DATASET EXCERPT section start

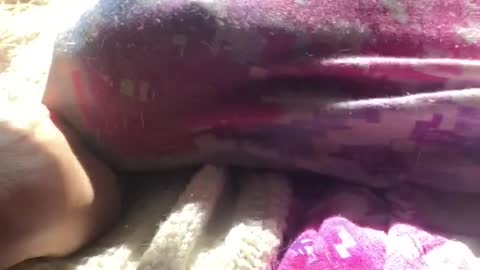 kitten plays under blanket!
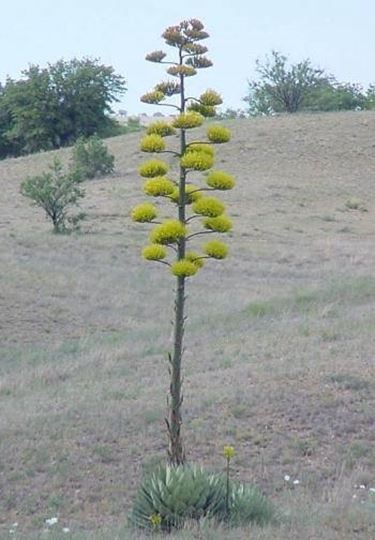 foglia agave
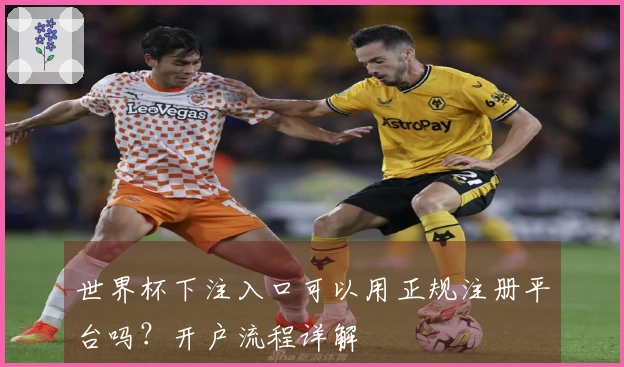 世界杯下注入口可以用正规注册平台吗？开户流程详解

DATASET EXCERPT section end

WHAT IS BEING ASKED:
The material above should be returned exactly, without pictures.

SOLUTION TO THIS PROBLEM:
 kitten plays under blanket!
 foglia agave
 世界杯下注入口可以用正规注册平台吗？开户流程详解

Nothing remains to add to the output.